A few of you may know, especially if you have seen Swedish Whisky Girl’s new video, that 23 Castle Street is home to a very peculiar whisky library. A veritable treasure trove to a whisky collector, whisky enthusiast or even a cursory whisky drinker. We have been a little coy and shown you snippets now and then on Youtube and social media but we have yet to bare the truth on any of the individual bottles in that collection.
Except for the ones we made, of course. We tell you about them all the time.
So for this entry into the Cask 88 ledger we will be telling the tales of three pretty rare and old whiskies from the Whisky Library. A look at history and at the future. A passing mention to Ralph Fiennes. A feast for the eyes and soul.

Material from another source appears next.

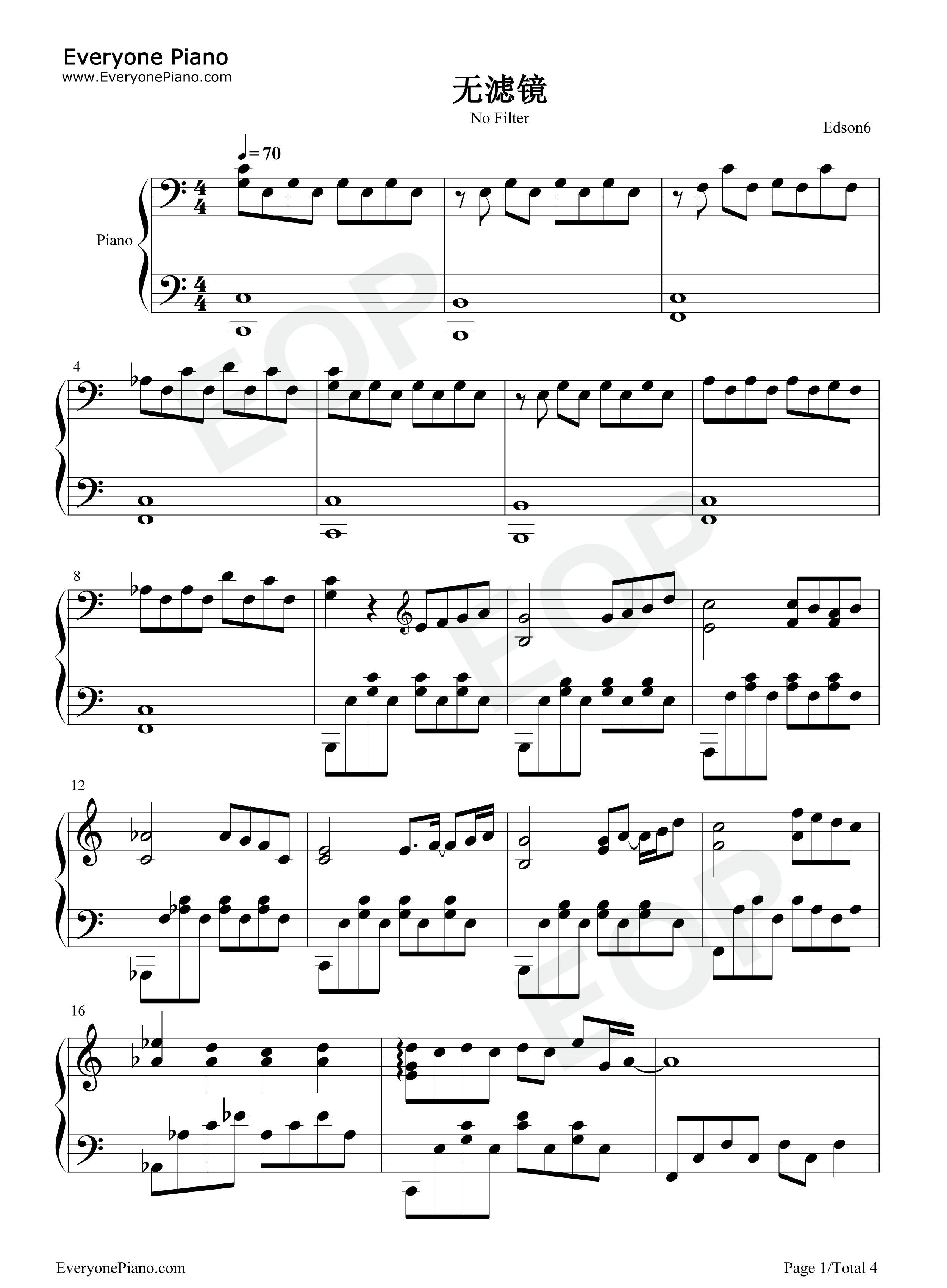 无滤镜钢琴谱_林俊杰_藤原浩
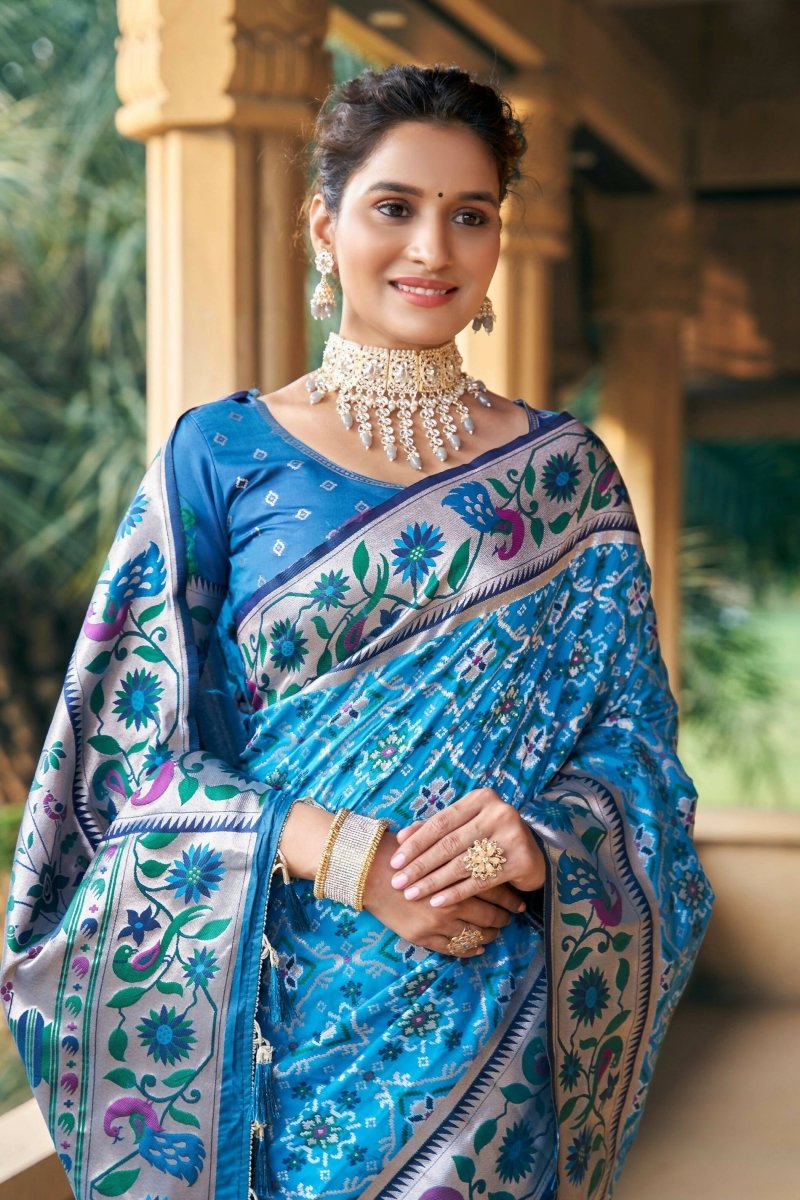 Aastha Fashion Teal Woven Patola Silk Saree with Blouse - Distacart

Before we begin it is probably worth mentioning that with everything opening up a bit here in the UK, one may actually be granted passage into the Whisky Library in real life. Opportunities aren’t so readily available but I hear the Badger is letting a select few visit. Luck favours the brave.
Wembley Scotch ’67
We will start, as is logical, in the past. Wembley ‘67 Scotch Whisky tells the story of a (in)famous football match over 50 years ago. We have spoken a lot in this blog on the subject of whisky history; in this case this is history, remembered through whisky. A moment crystalised in amber liquid.
So what happened in Wembley back in 1967? Well football, obviously. The match was England versus Scotland. Tense at the best of times but here the pressure had really been mounting; England had been undefeated in almost twenty matches. To take them down now would be righteous glory indeed. This kind of opportunity doesn’t come around every day, so the Scotland team were feeling the pressure too.
A man called Nobby Stiles, apparently a totally appropriate name in the 60s, knew Scotland player Denis Law from being team-mates at Manchester United. He was shook when he saw the team come out onto the field, saying:
Suffice to say, with all that pressure mounting it was hotter in London than even an average sweltering day.
Winner Winner Phone the Distiller
Both teams gave it their all, with Jackie Charter on the English side even playing with a broken toe – and managing a goal! 4 goals were scored in the last 12 minutes – a final spurt of energy leading to an ecstatic 3-2 win for the Scottish side.
The moment was so ecclesiastic, so sublime that many fans took to dancing in a circle, arm in arm. This video captured at the time gives you the whole recap, twee dancing and all.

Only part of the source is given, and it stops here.